EXERCISE -
Copy the data that follows exactly, and include none of its images.

EXERCISE DATA -
━━━━━━━━━━
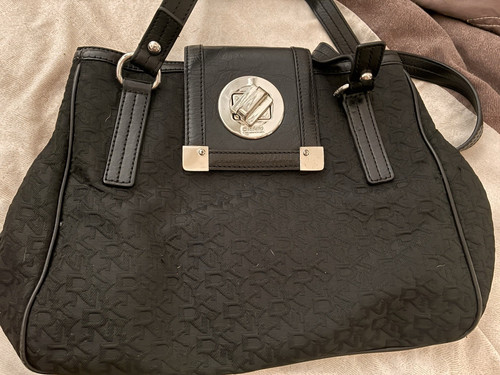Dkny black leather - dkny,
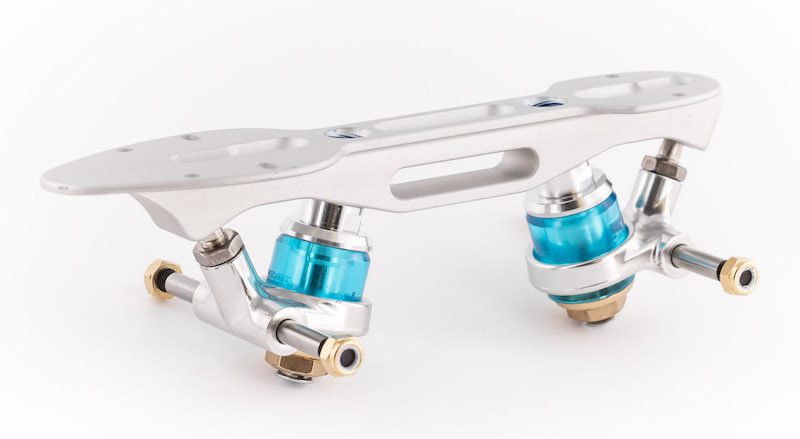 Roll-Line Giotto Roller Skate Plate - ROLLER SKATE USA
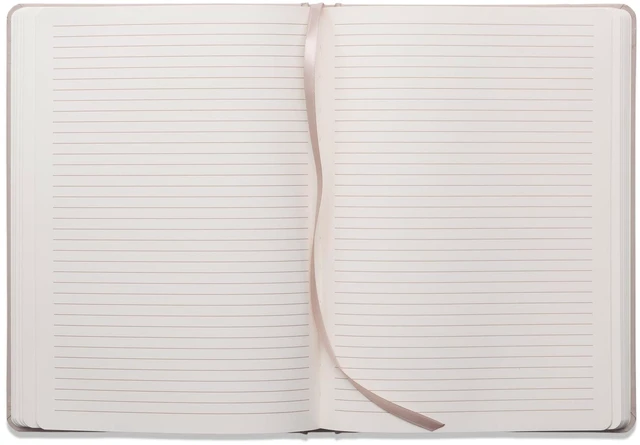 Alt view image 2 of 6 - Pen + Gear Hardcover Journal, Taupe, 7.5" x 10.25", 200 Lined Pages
━━━━━━━━━━
ANSWER SECTION -
Dkny black leather - dkny,
 Roll-Line Giotto Roller Skate Plate - ROLLER SKATE USA
 Alt view image 2 of 6 - Pen + Gear Hardcover Journal, Taupe, 7.5" x 10.25", 200 Lined Pages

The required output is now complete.